In Europe, until the 18th century, the Habsburg crown appointed viceroys of Aragon, Valencia, Catalonia, Navarre, Portugal, Sardinia, Sicily, and Naples. With the ascension of the House of Bourbon to the Spanish throne, the historic Aragonese viceroyalties were replaced by new captaincies general. At the end of War of the Spanish Succession, the Spanish monarchy was shorn of its Italian possessions. These Italian territories, however, continued to have viceroys under their new rulers for some time; Sardinia would have a viceroy until 1848.
- See also:
- List of Spanish Viceroys of Aragon
- List of Spanish Viceroys of Valencia
- List of Spanish Viceroys of Catalonia
- List of Spanish Viceroys of Navarre
- List of Spanish Viceroys of Sardinia
- List of Spanish Viceroys of Sicily
- List of Spanish Viceroys of Naples
In the Americas
The Americas were incorporated into the Crown of Castile.
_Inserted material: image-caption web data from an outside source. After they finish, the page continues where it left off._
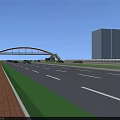 Modern Orange Arch Bridge with White Deck and Supporting Piers Design 3d model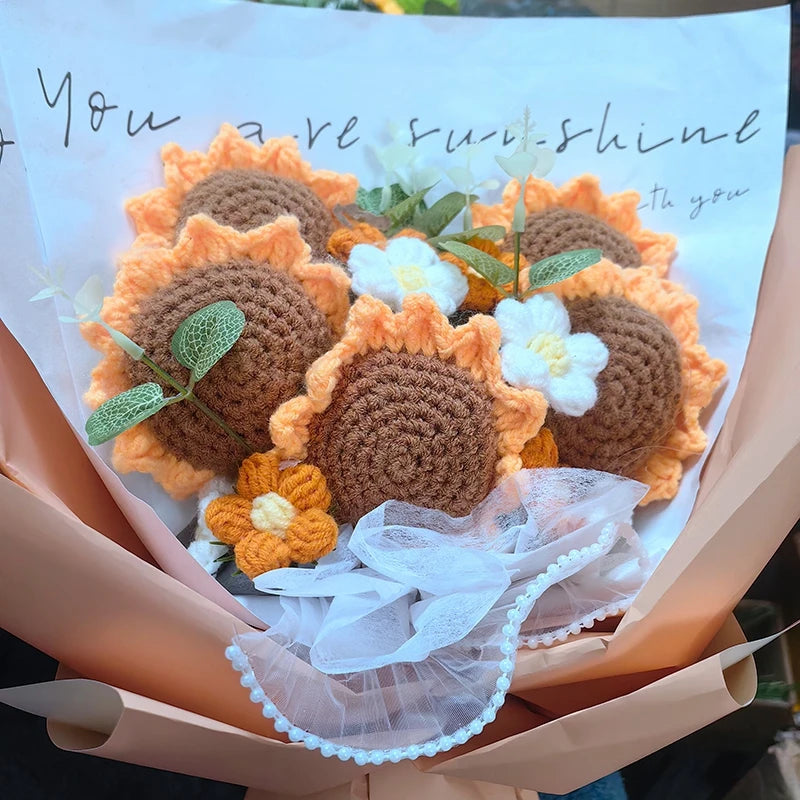 Crochet Sunflower Bouquet – Handmade & Cute
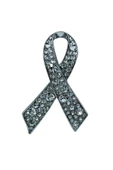 Kristal Taşlı Kanser Destek Kurdele Broş thumbnail 3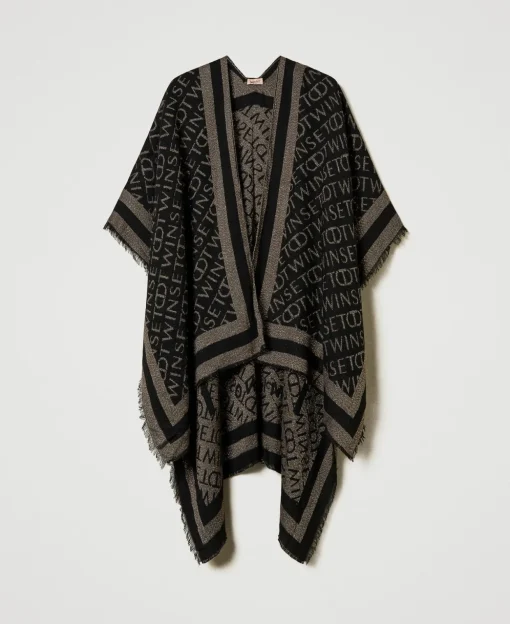 Poncho Jacquard Con Logo
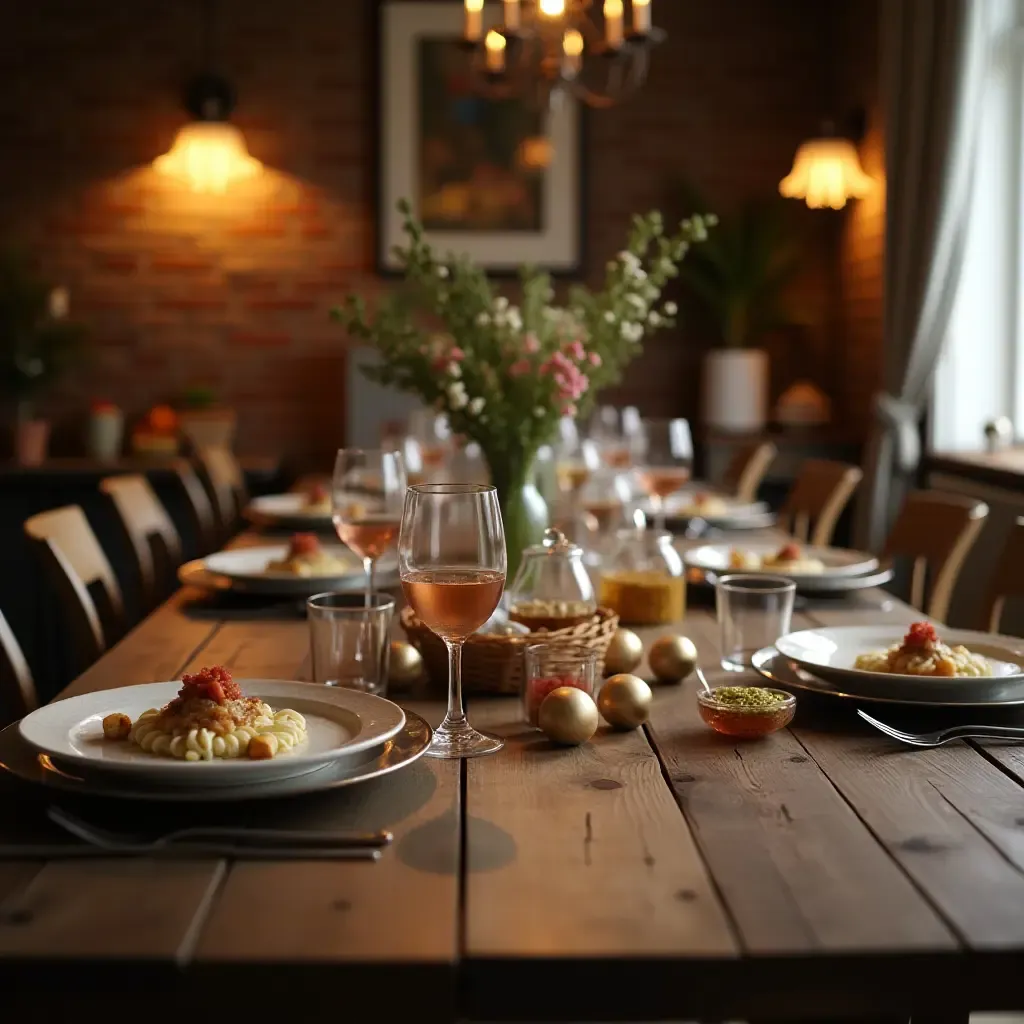 a photo of a rustic wooden table set for a cozy family meal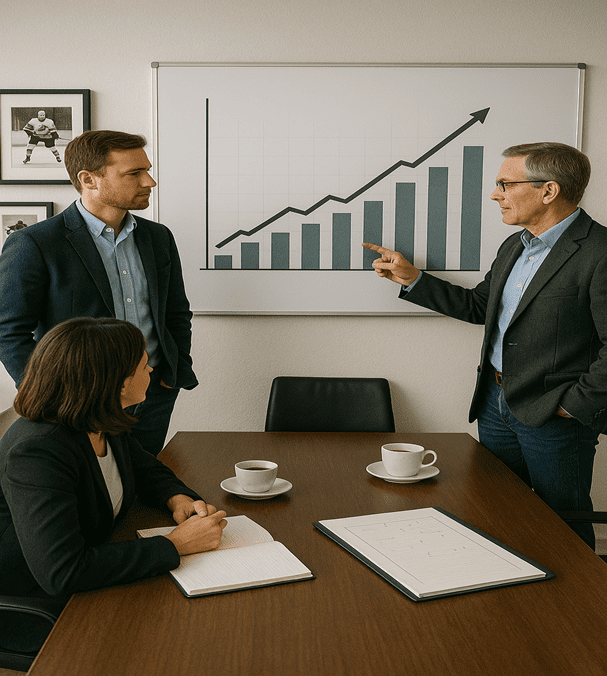 Business meeting discussing a positive performance chart.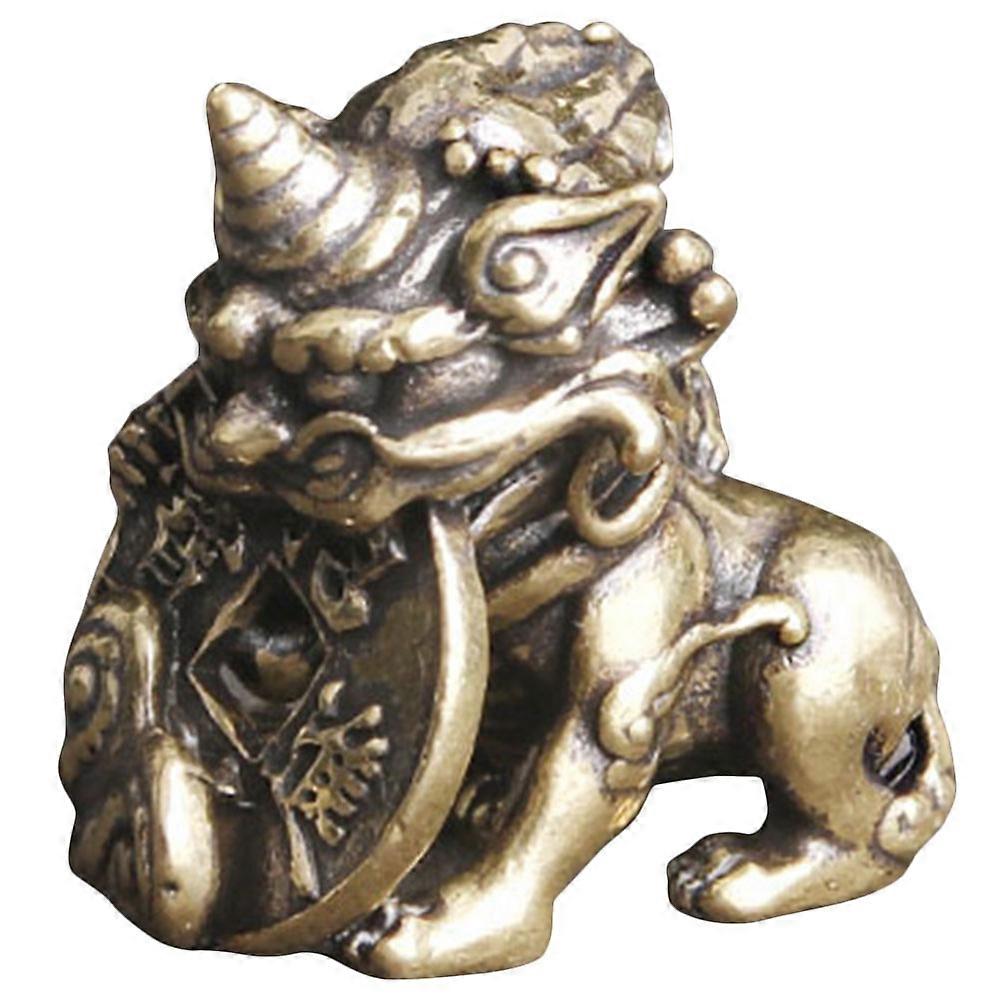 Golden Brass Kirin Statue for Decor Auspicious Wealth Symbol Craft Desk Ornament 2.5 Inch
With the Spanish colonization of the Americas, the institution of viceroys was adapted to govern the highly populated and wealthy regions of the north overseas: New Spain (Mexico and Philippines) and the south overseas: Peru and South America. The viceroys of these two areas had oversight over the other provinces, with most of the North American, Central American, Caribbean and East Indian areas supervised by the viceroy in Mexico City and the South American ones by the viceroy in Lima, (with the exception of most of today's Venezuela, which was overseen by the high court, or Audiencia of Santo Domingo on the island of Hispaniola for most of the colonial period). These large administrative territories became known as Viceroyalties (Spanish term: Virreinatos). There were only two New World viceroyalties until the 18th century, when the new Bourbon Dynasty established two additional viceroyalties to promote economic growth and new settlements on South America. New viceroyalties were created for New Granada in 1717 (capital, Bogotá) and the Río de la Plata in 1776 (capital, Buenos Aires).
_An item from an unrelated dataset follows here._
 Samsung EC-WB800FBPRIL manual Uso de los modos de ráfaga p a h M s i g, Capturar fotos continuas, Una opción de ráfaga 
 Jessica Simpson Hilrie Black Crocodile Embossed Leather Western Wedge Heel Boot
The viceroyalties of the Spanish Americas and the Spanish East Indies were subdivided into smaller, autonomous units, the Audiencias (tribunal with the authority to judge), and the Captaincies General (military districts), which in most cases became the bases for the independent countries of modern Hispanic America. These units gathered the local provinces which could be governed by either a crown official, a corregidor (sometimes alcalde mayor) or by a cabildo or town council. Audiencias primarily functioned as superior judicial tribunals, but unlike their European counterparts, the New World audiencias were granted by law both administrative and legislative powers. Captaincies General were primarily military districts set up in areas with a risk of foreign or Indian attack, but the captains general were usually given political powers over the provinces under their command. Because the long distances to the viceregal capital would hamper effective communication, both audiencias and captains general were authorized to communicate directly with the crown through the Council of the Indies. The Bourbon Reforms introduced the new office of the intendant, which was appointed directly by the crown and had broad fiscal and administrative powers in political and military issues.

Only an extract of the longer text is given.